## About this task
An exact copy, beginning at the line containing "Constellation Galaxy Space Print Crew Socks" and ending at the final line of the records that follow, is the answer; it has no pictures and no other text.

## Input
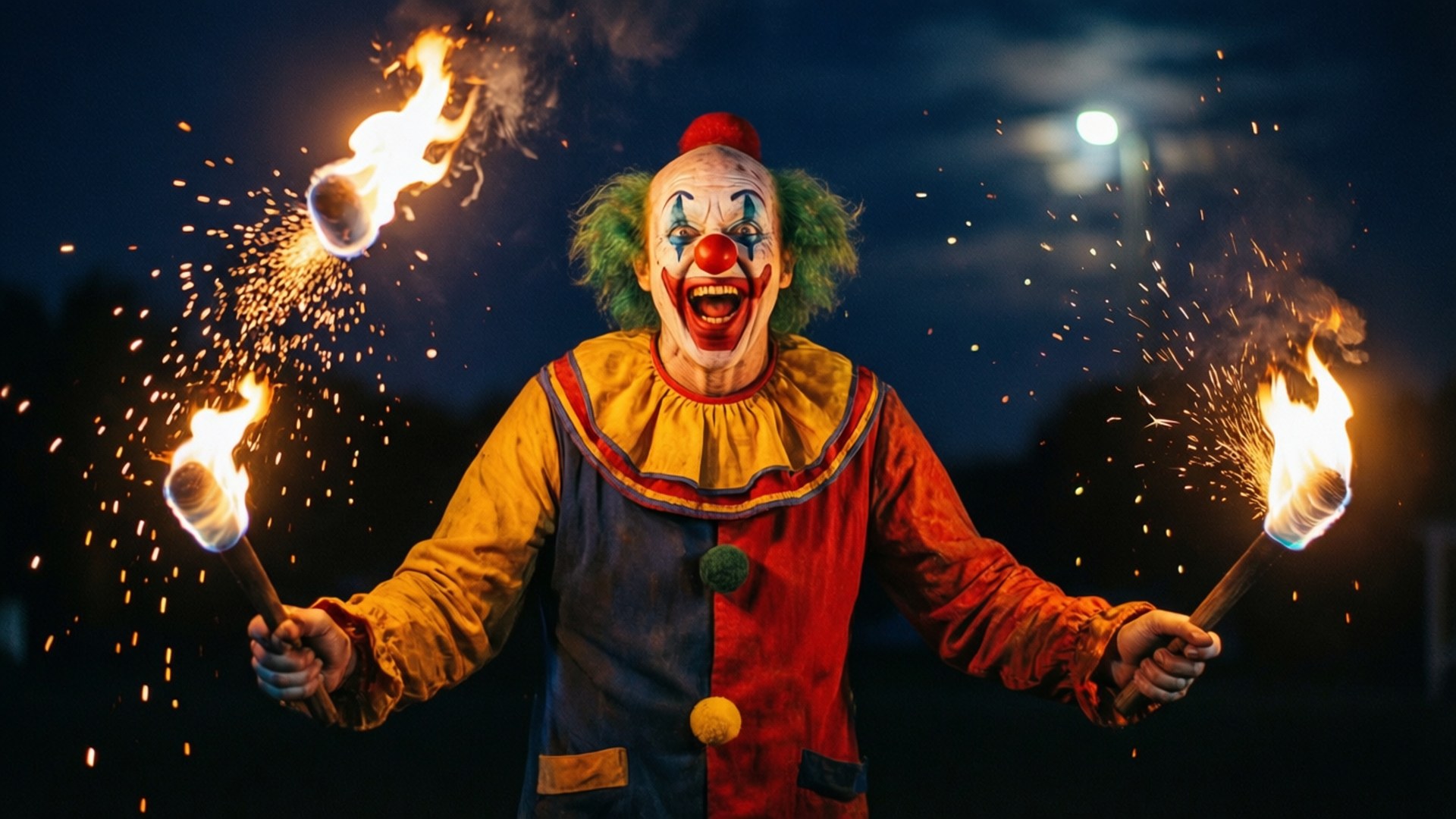 Fire Juggler Clown 壁紙 — 一個帶有綠色頭髮和紅色鼻子的可怕小丑，在滿月的黑暗夜空下玩火把雜耍。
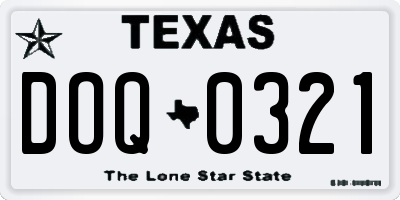 TX license plate DOQ0321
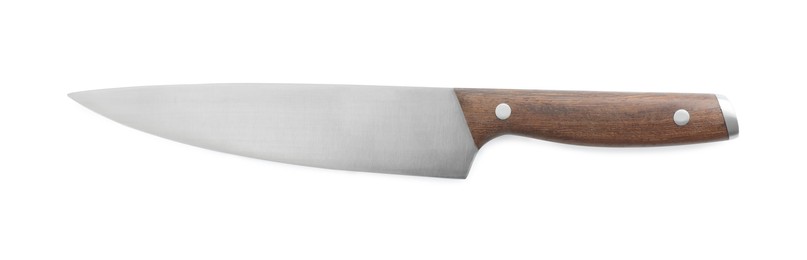 Photo of One sharp knife with wooden handle isolated on white, top view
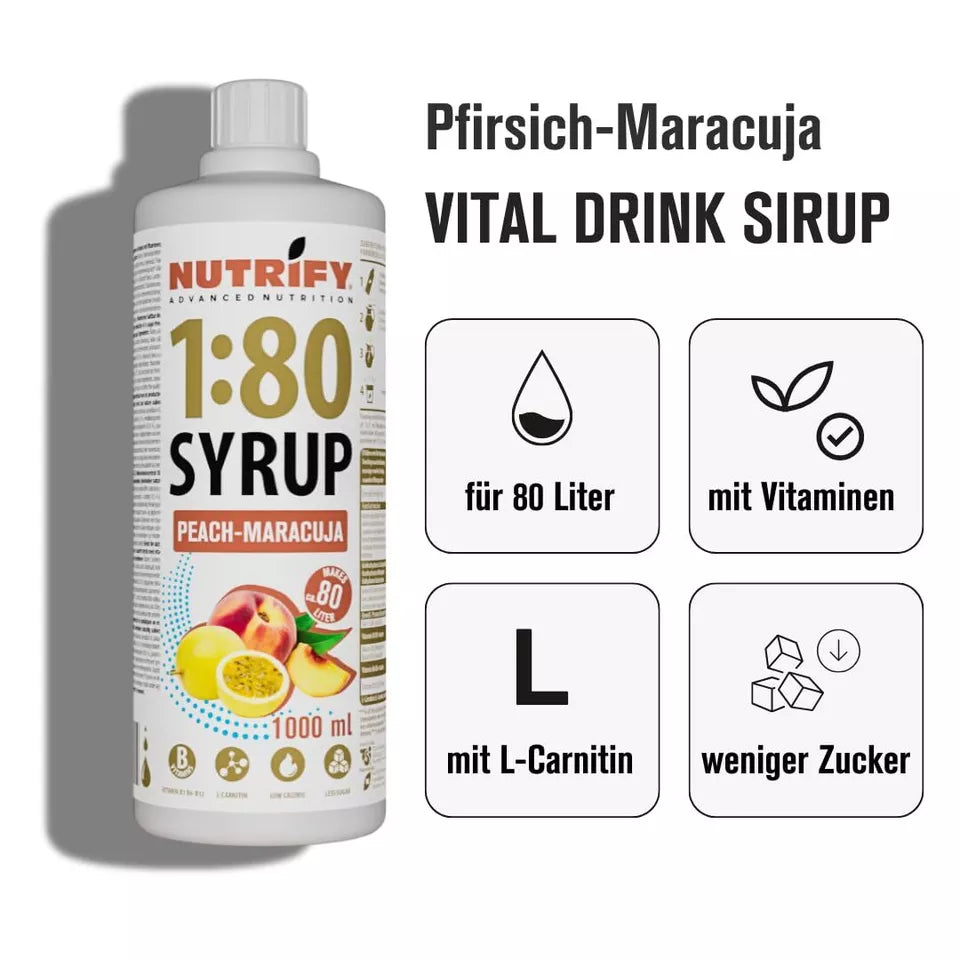 NUTRIFY Vital Drink Sirup 1:80 Pfirsich-Maracuja 1L - 3er VPE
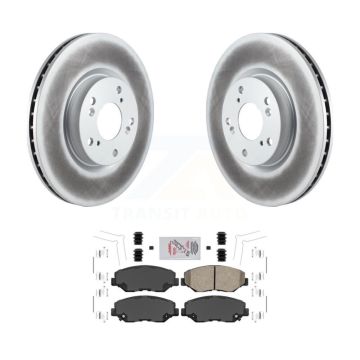 Front Coated Disc Brake Rotors And Ceramic Pads Kit For Honda Civic CR-V Acura ILX KGA-100769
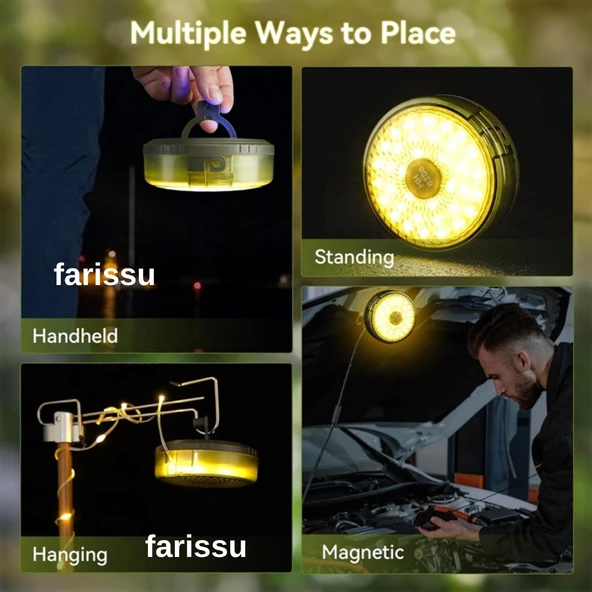 8 Fonksiyonlu 10 Metre RGB LED Kamp Lambası | Powerbank Özellikli, Type-C Şarjlı, Taşınabilir Işık Zinciri - 3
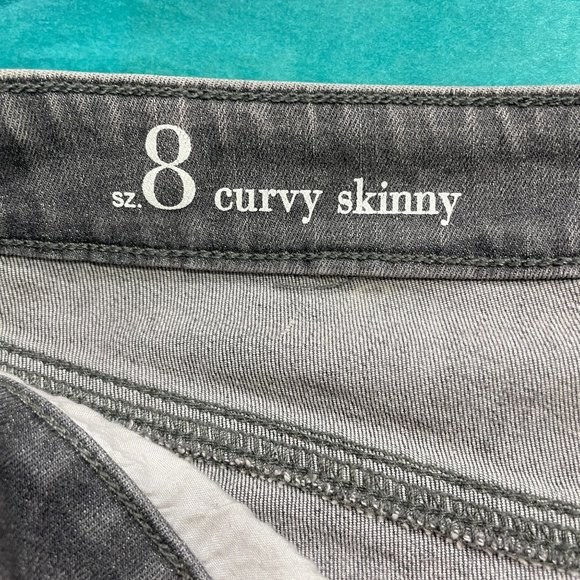 Loft Outlet Women's Sz 8 Curvy Skinny Grey Wash Jean Tapered Stretch Cotton Blnd - Picture 3 of 12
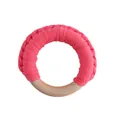 Pink hand-woven cotton cord on a natural wooden teether ring for infant grip training - Rose Pink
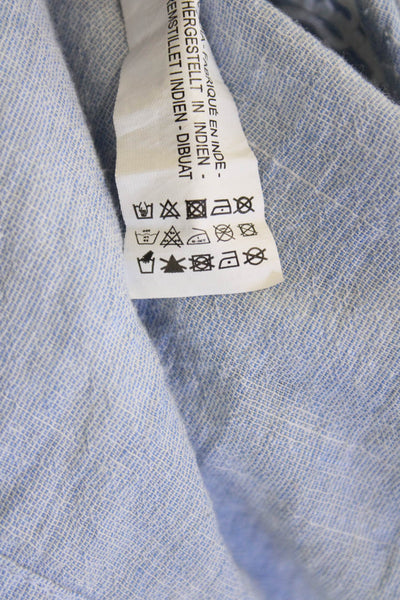 Zara Woman Women Light Blue Sleeveless Tunic Button Crewneck Cotton Size M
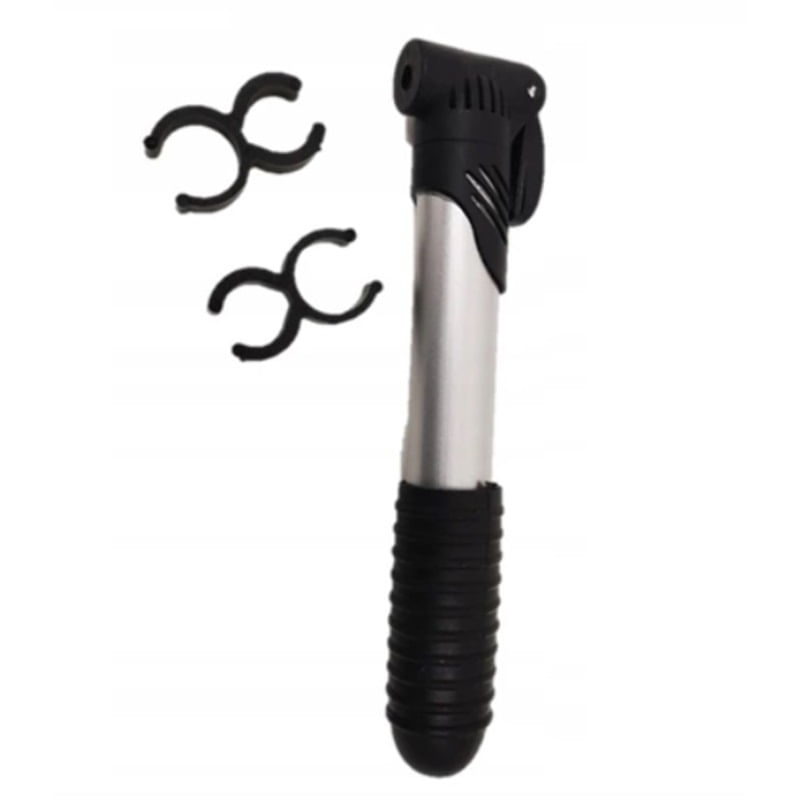 Sport si Outdoor - Ciclism - Accesorii pentru biciclete - Pompe biciclete - Mini pompa de mana pentru bicicleta, 20 cm, negru/argintiu - Infinity.ro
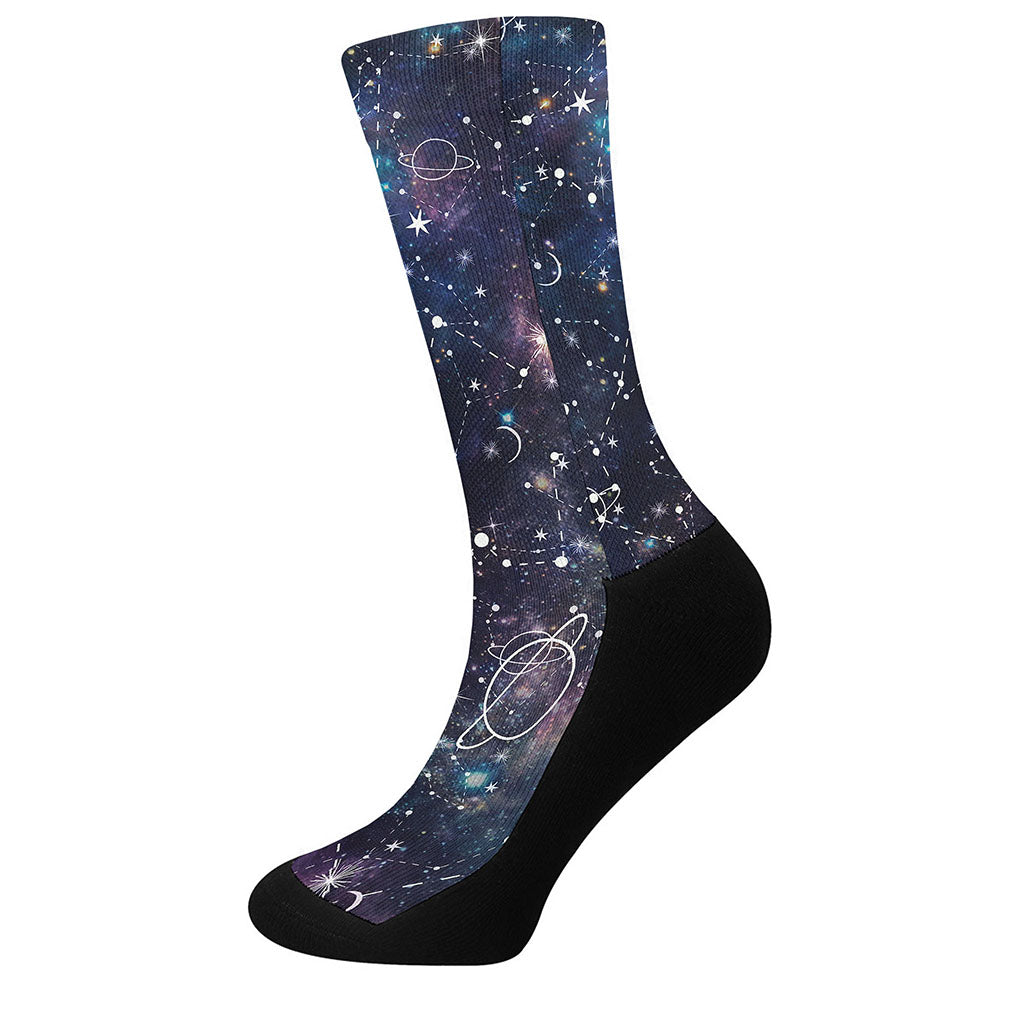 Constellation Galaxy Space Print Crew Socks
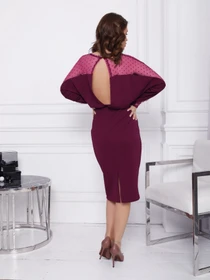 Платья ISSA Plus модель 12368_burgundy Фото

## Exercise result
 Constellation Galaxy Space Print Crew Socks
 Платья ISSA Plus модель 12368_burgundy Фото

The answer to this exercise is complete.